PROBLEM STATEMENT: Take each line of the listing that has the string "Honda" and report it.

* * *

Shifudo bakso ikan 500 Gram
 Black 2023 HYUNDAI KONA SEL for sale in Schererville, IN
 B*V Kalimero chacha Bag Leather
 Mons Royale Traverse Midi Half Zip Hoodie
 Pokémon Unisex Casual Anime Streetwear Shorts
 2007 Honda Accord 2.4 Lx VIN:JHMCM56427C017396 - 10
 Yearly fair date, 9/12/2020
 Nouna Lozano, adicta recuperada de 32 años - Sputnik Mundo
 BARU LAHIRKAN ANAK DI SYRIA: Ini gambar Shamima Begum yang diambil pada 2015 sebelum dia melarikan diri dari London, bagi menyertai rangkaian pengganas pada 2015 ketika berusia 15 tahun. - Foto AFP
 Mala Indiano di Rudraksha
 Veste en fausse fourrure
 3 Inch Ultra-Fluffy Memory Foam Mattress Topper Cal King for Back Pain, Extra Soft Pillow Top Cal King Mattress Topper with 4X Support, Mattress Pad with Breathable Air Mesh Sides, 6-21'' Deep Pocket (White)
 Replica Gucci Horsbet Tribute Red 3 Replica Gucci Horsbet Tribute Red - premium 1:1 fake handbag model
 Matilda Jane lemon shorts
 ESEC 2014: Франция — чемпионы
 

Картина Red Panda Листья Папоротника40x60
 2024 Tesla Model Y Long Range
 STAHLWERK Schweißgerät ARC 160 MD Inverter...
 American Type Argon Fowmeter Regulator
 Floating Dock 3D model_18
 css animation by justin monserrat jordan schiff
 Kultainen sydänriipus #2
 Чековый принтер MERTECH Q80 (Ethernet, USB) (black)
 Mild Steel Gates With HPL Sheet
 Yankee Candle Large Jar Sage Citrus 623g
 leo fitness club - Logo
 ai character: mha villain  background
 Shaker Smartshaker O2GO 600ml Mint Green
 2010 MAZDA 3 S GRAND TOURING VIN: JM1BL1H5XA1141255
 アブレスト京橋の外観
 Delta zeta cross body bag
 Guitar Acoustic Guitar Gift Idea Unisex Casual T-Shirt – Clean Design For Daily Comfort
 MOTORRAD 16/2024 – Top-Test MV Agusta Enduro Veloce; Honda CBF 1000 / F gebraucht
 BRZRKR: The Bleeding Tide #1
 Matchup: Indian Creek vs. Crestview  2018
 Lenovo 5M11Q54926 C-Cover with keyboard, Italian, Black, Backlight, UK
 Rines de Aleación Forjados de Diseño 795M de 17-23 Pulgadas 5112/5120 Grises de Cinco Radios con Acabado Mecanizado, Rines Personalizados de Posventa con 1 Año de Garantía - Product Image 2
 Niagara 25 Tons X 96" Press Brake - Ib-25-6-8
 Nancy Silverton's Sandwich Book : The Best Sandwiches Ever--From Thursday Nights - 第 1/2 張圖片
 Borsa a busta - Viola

* * *

SOLUTION TO THE PROBLEM:
 2007 Honda Accord 2.4 Lx VIN:JHMCM56427C017396 - 10
 MOTORRAD 16/2024 – Top-Test MV Agusta Enduro Veloce; Honda CBF 1000 / F gebraucht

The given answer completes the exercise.